In the study, titled “Are We Missing Out on the Demographic Dividend? Trends and Prospects,” a team of researchers led by PIDS Senior Research Fellow Michael Ralph M. Abrigo found that reaping the demographic dividend will require the continuation of cash transfer programs. 

However, PIDS estimates that due to this, public debt could “breach 100 percent of primary income by 2060.” The national debt, the researchers said, could already increase to P29.4 trillion by 2030 from P6 trillion in 2015. 

“Our results suggest that even relatively stingy public transfer programs may lead to unsustainable public debt burden in the longer term when changes in the population age distribution, particularly population aging, are taken into account,” the researchers said.

“It does not mean, however, that government transfer programs cannot be expanded. Indeed, our results indicate that governments can become more generous as long as these are matched with reforms to raise greater government revenues, e.g., tax reform,” they added. 

At the current pace of the country’s population growth, the researchers said the Philippines may not be able to maximize the benefits of the demographic dividend.

While the proportion of the elderly aged 65 years and older has increased only slightly from 3.1 percent in 1990 to 4.6 percent in 2015, the researchers said the country’s demographic trend “will soon change.”

Citing studies from the United Nations, the researchers said the elderly population in the country is expected to increase to 9.9 million in 2032 and to 23.7 million in 2069 from 4.7 million in 2015.   

The UN report in 2017, the researchers said, indicates that the Philippines will become an aging society by 2032. They said “this may pose a heavy burden on the country’s resources, particularly on its pension system.” 

“Even if average fertility rates drop, it is highly likely that the rates of decline will vary across different populations, thereby potentially exacerbating inequality in the near term. Affirmative actions by government, such as direct cash transfers, may be necessary to ensure that no population gets left behind,” the authors, however, said. 

Dividend defined

IN a recent statement, the National Economic and Development Authority (Neda) explained that the demographic dividend is the economic growth experienced by a country as a result of the change in the country’s population structure.

The Neda said it is the product of the demographic transition, which is characterized by markedly declining mortality and fertility rates, resulting in the shrinking of the dependent age (0-14) group and expanding of the work force (ages 15-64). 

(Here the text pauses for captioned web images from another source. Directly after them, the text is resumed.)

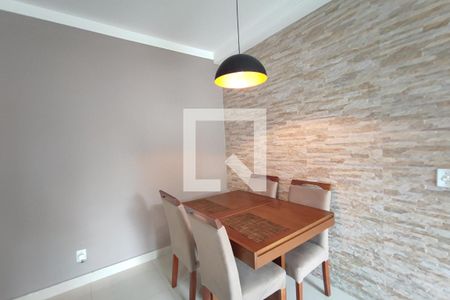 Sala de apartamento à venda com 2 quartos, 56m² em Vila Satúrnia, Campinas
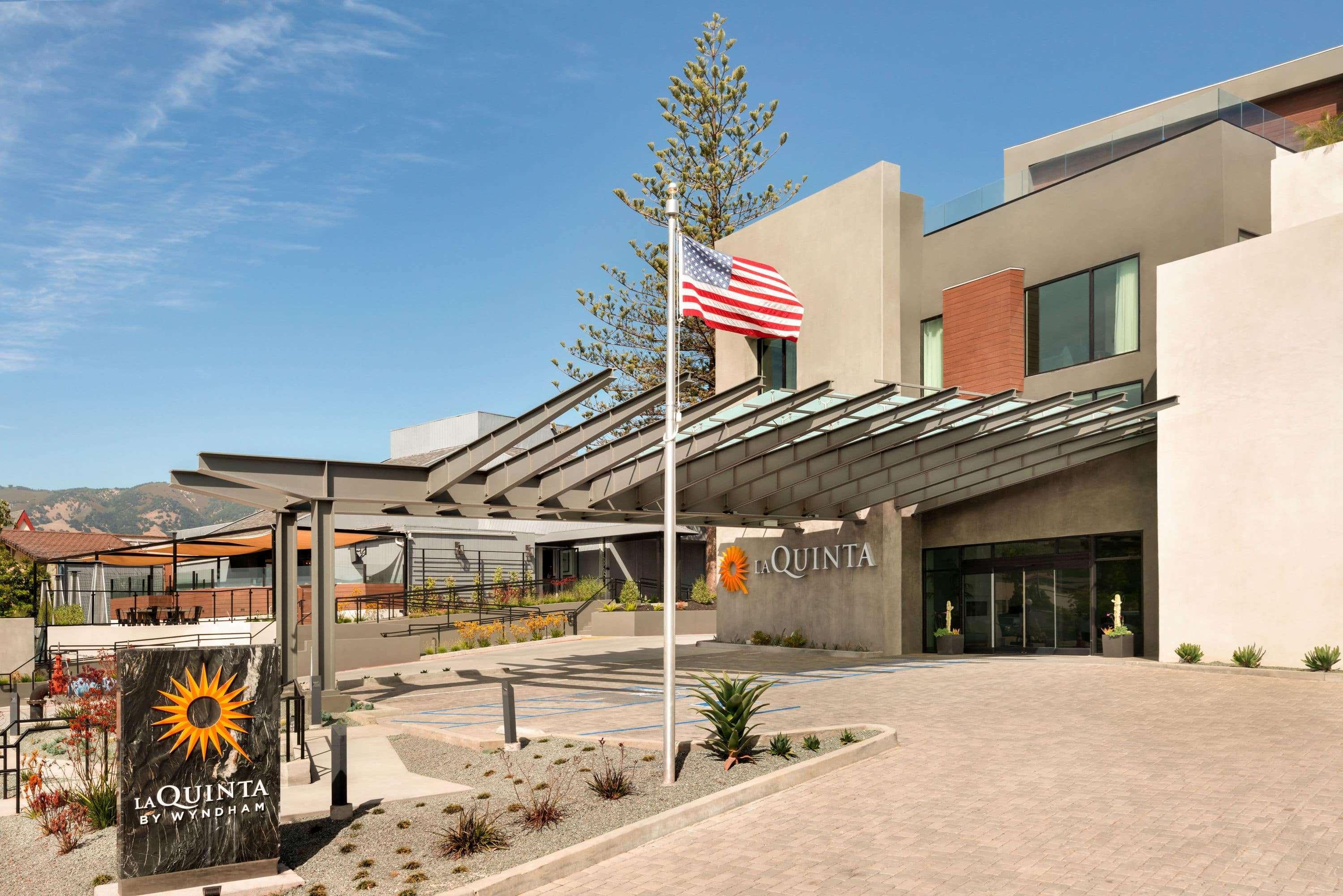 Hotel La Quinta By Wyndham 3*
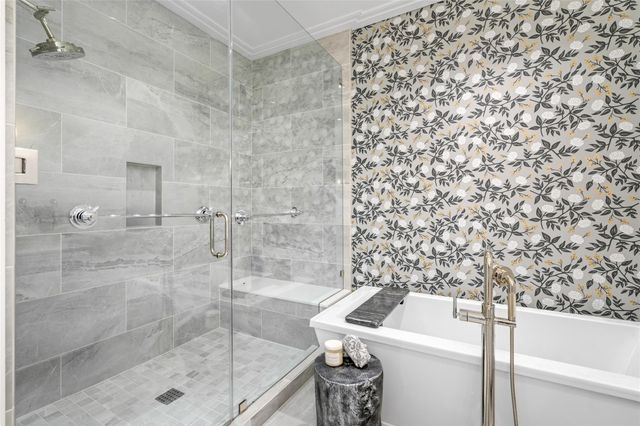 6017 Memorial 202, Houston, TX 77007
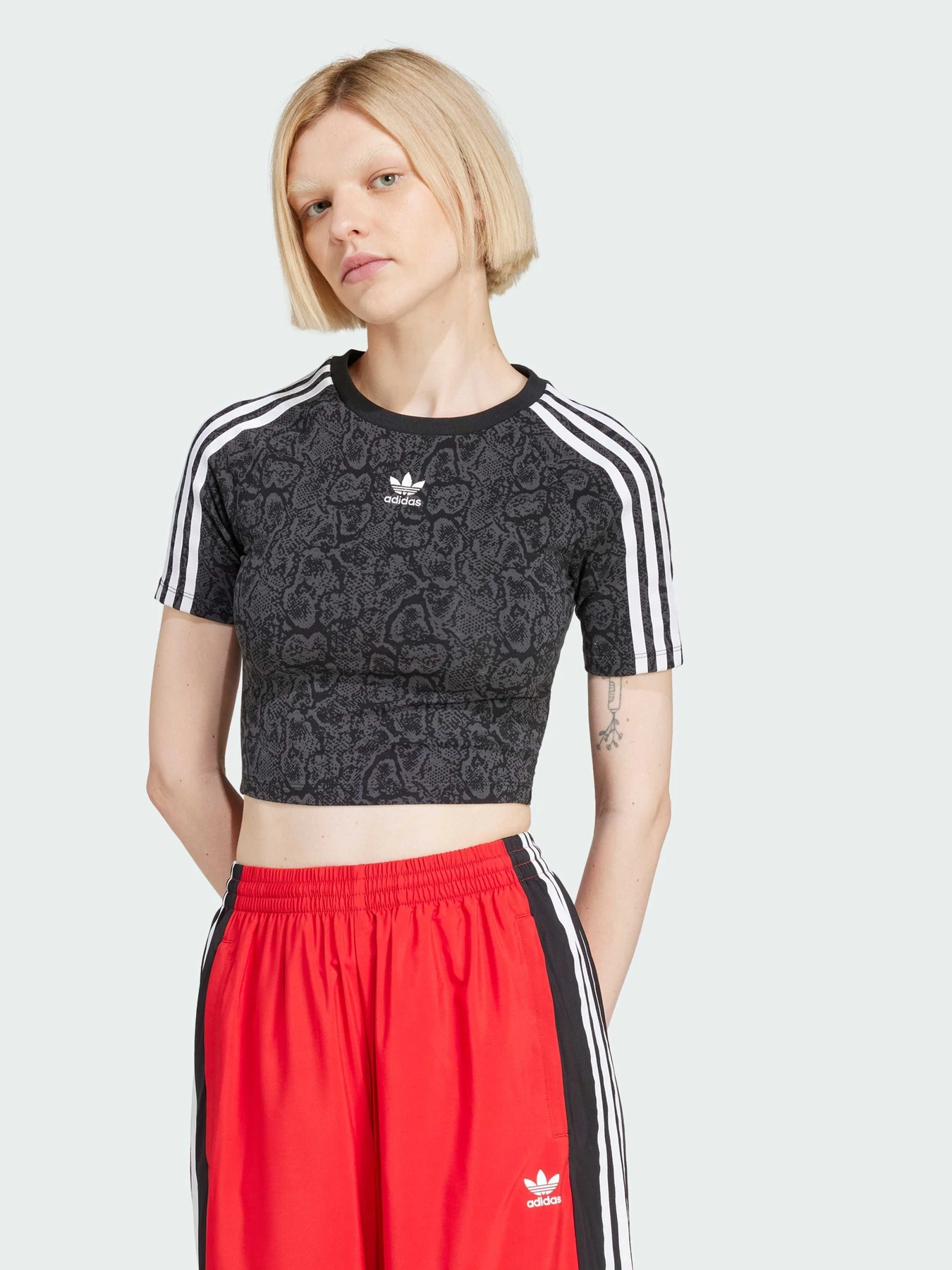 Футболки і поло Adidas Graphics модель JI8408 Фото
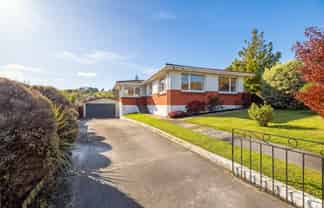 8 Bell Crescent, Concord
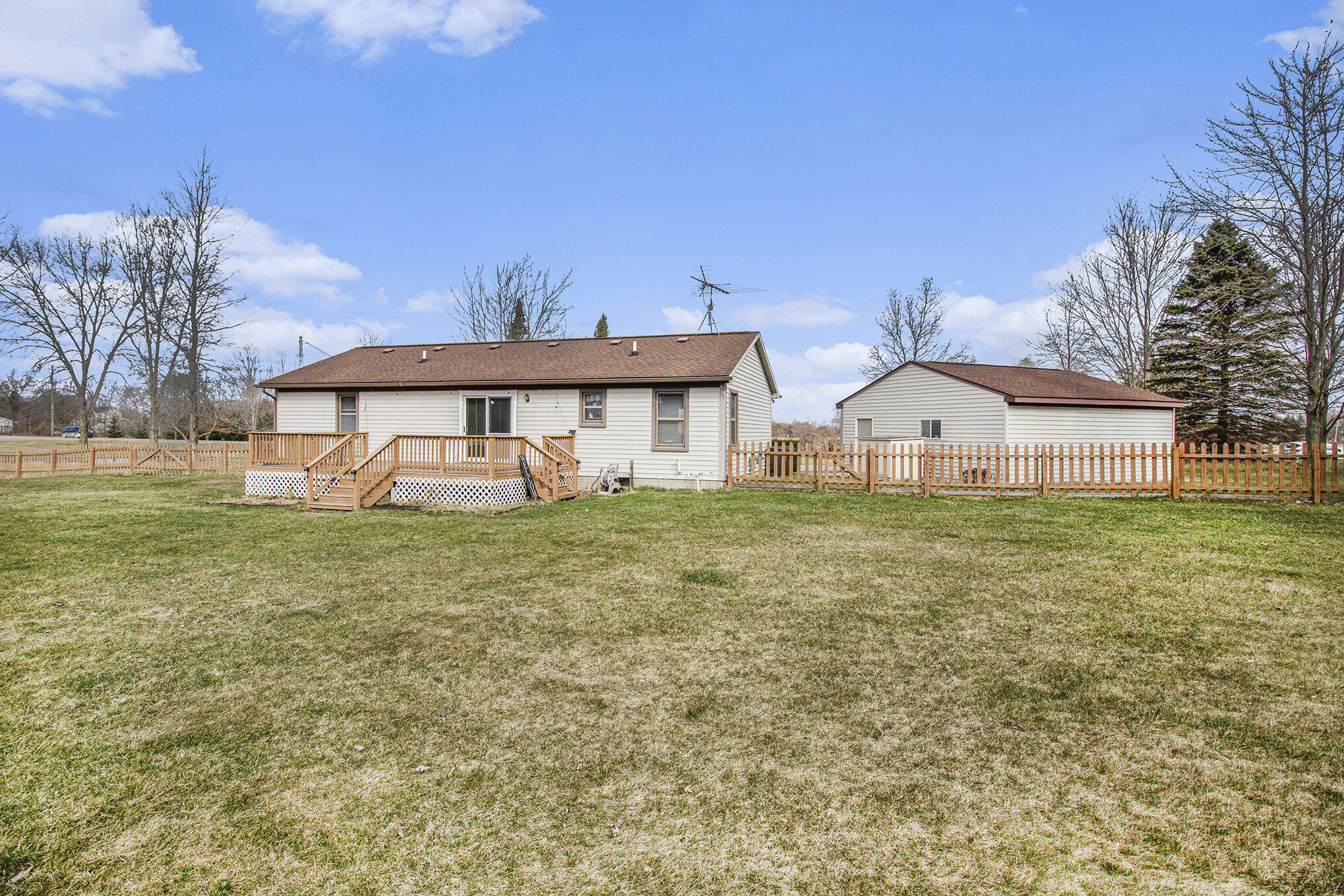 751 Chase Lake Road Howell, MI 48855 - Photo 17 of 23 017_img_8790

This transition, the Neda explained, leads to steadily rising savings and investment rates and, hence, faster economic growth and improved living standards.

Further, Neda said demographic transition has three phases. The first is marked by an initial decline in infant mortality (death rate), with fertility rate remaining high.  

The second phase happens when the share of working-age population becomes large relative to the young dependent ages and the older population or 65 years and above. 

The Neda said that with the number of those in the productive working-age population at its highest, the economy’s growth will significantly increase. This is the third phase of the demographic transition.

It explained that with a bigger work force that can generate higher income and a less dependent population, the government can allocate its resources for economic development and social services (education, health and nutrition). This is also often referred to as the demographic-economic window of opportunity.